Problem description – The line that contains "Renault Twingo 1.0" marks the start. Please set it down, with every later line of the data, exactly and without pictures.

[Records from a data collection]
((
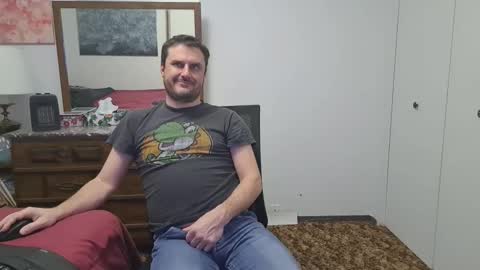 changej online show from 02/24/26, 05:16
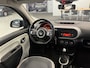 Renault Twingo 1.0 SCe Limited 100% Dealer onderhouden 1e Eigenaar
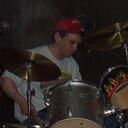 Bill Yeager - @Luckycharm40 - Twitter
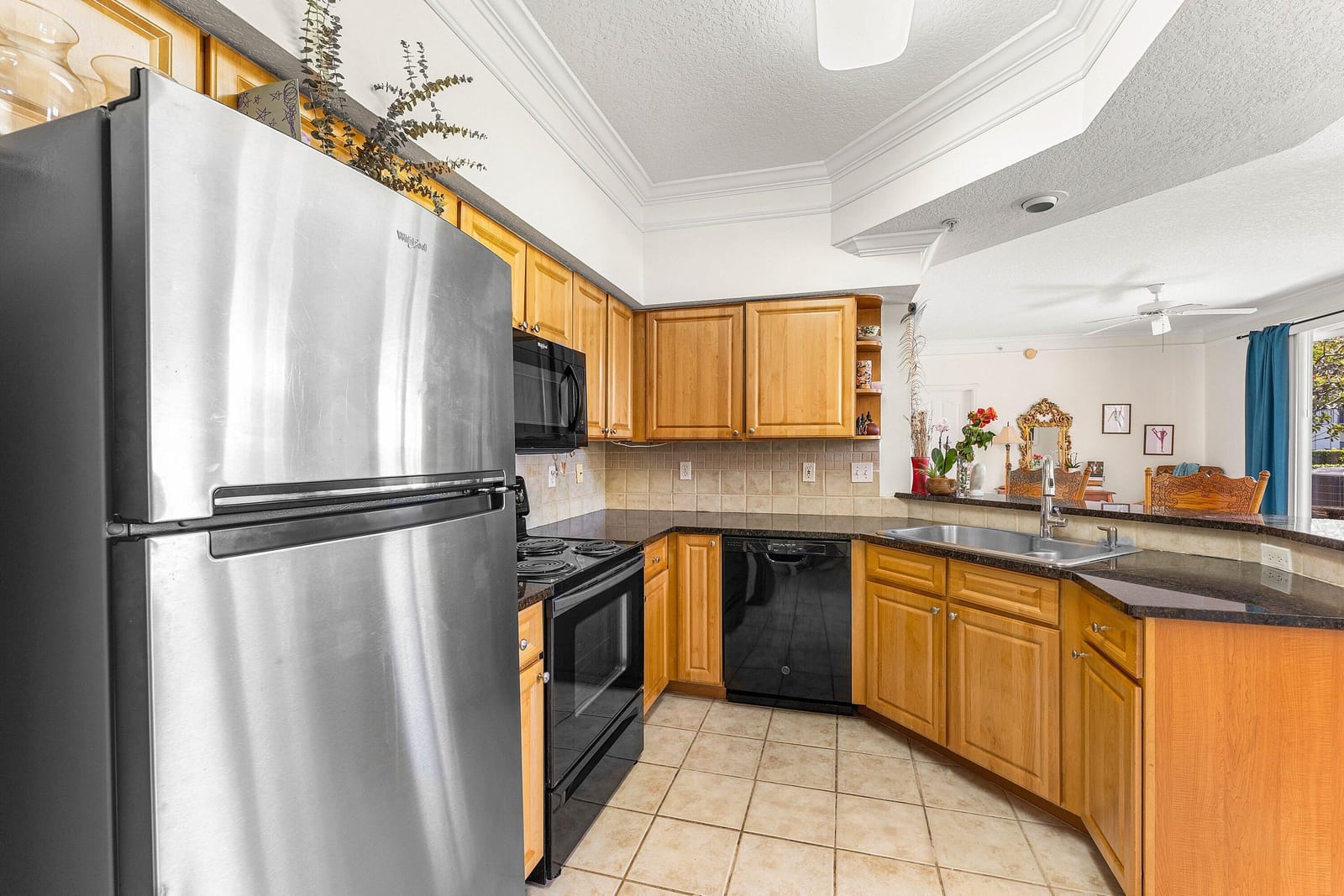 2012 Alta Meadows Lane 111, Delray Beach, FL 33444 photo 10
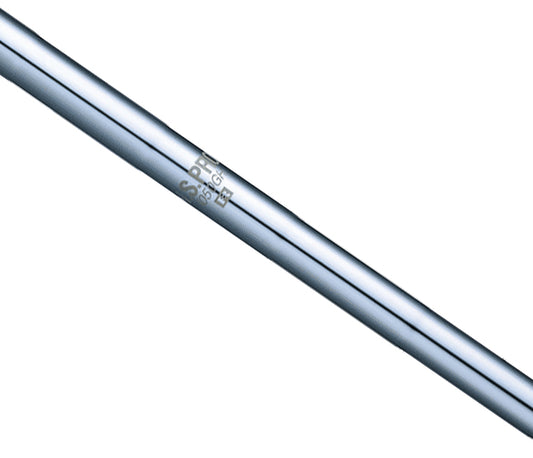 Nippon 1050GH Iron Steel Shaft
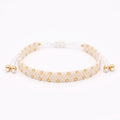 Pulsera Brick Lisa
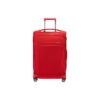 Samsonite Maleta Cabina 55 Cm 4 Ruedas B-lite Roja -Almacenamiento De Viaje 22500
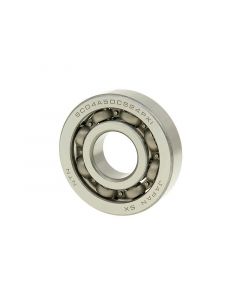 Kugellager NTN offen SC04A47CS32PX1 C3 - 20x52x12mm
))
Solution –
 Renault Twingo 1.0 SCe Limited 100% Dealer onderhouden 1e Eigenaar
 Bill Yeager - @Luckycharm40 - Twitter
 2012 Alta Meadows Lane 111, Delray Beach, FL 33444 photo 10
 Nippon 1050GH Iron Steel Shaft
 Pulsera Brick Lisa
 Samsonite Maleta Cabina 55 Cm 4 Ruedas B-lite Roja -Almacenamiento De Viaje 22500
 Kugellager NTN offen SC04A47CS32PX1 C3 - 20x52x12mm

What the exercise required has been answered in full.